Your instructions: From start to end, write out the following data exactly, apart from its images.

Information supplied:
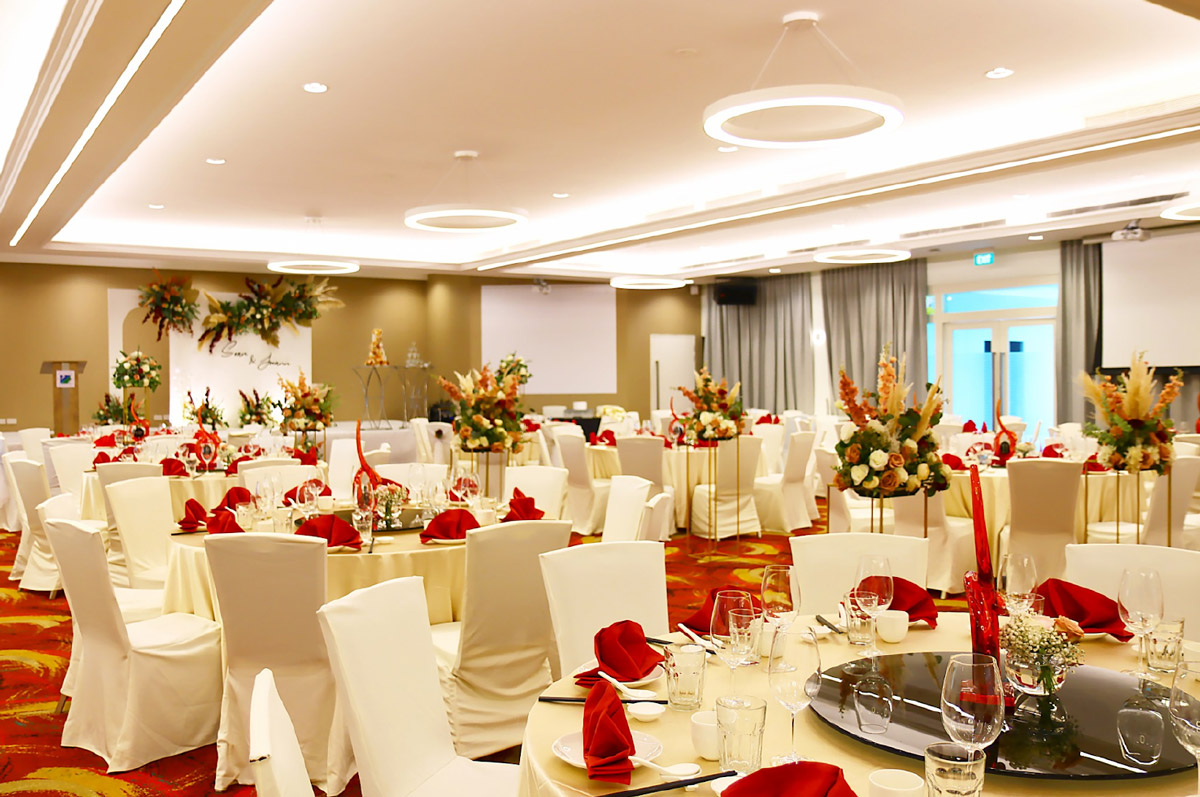 Seletar Country Club: Where Your  Wedding Dreams Take Flight 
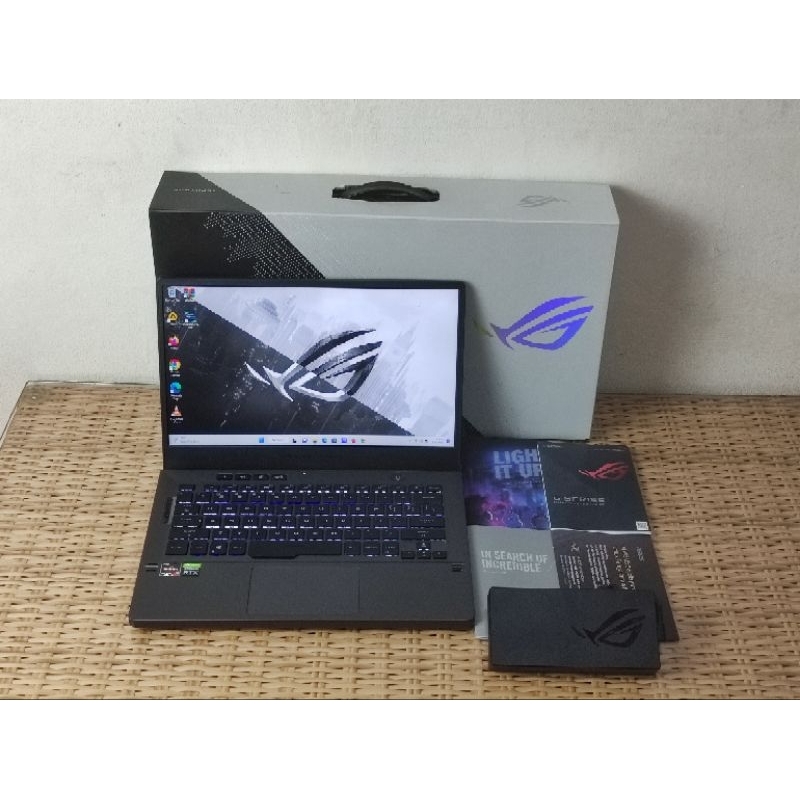 Asus Zephyrus G14 Animatrix Ryzen 9 4900H RTX 2060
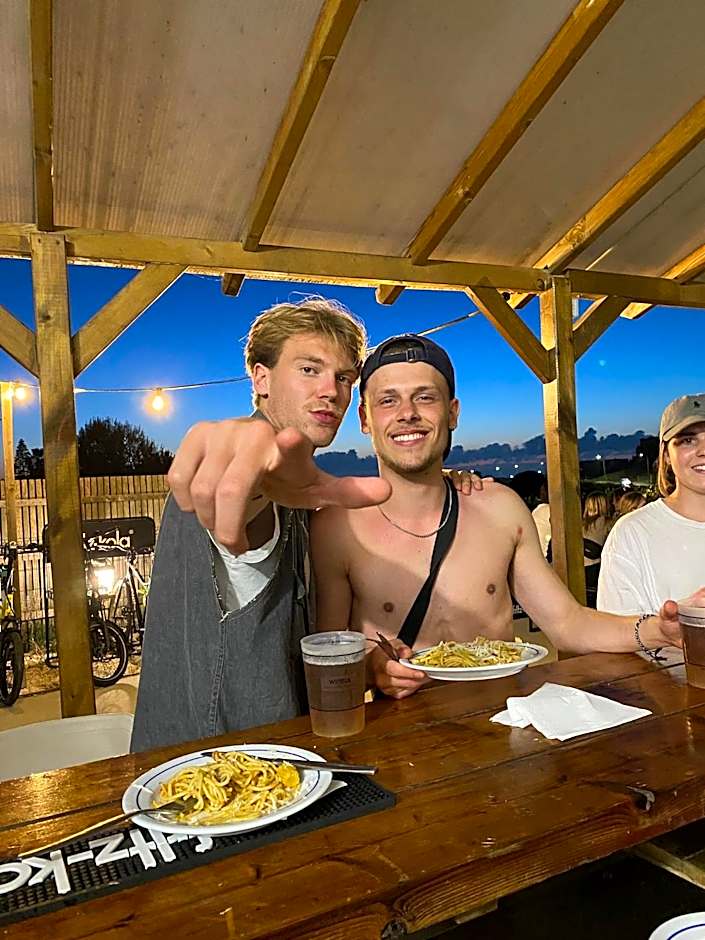 WOT Ericeira Surf Social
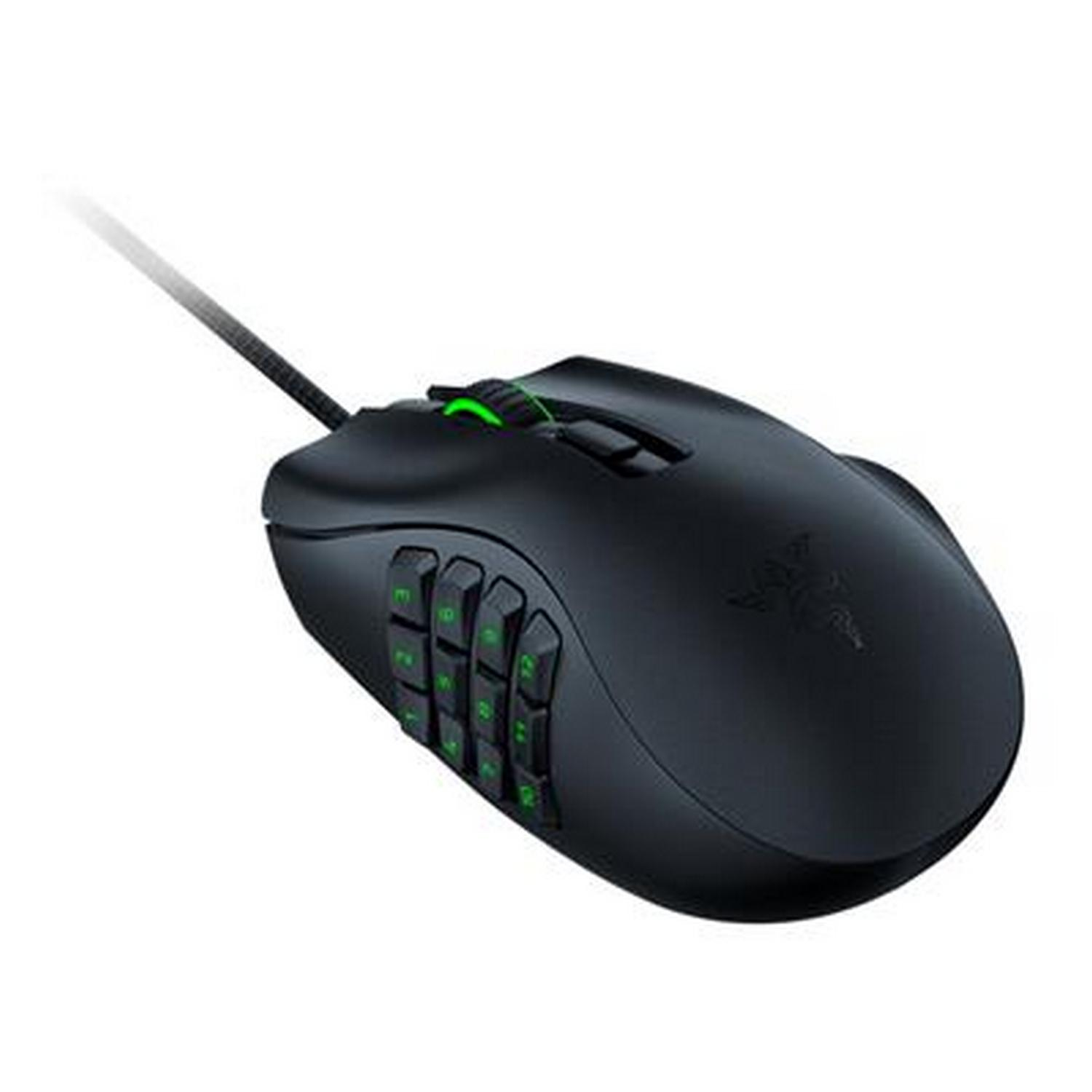 Un ratón para juegos negro con un teclado numérico en el lateral y una rueda de desplazamiento verde.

Response to the task:
 Seletar Country Club: Where Your  Wedding Dreams Take Flight 
 Asus Zephyrus G14 Animatrix Ryzen 9 4900H RTX 2060
 WOT Ericeira Surf Social
 Un ratón para juegos negro con un teclado numérico en el lateral y una rueda de desplazamiento verde.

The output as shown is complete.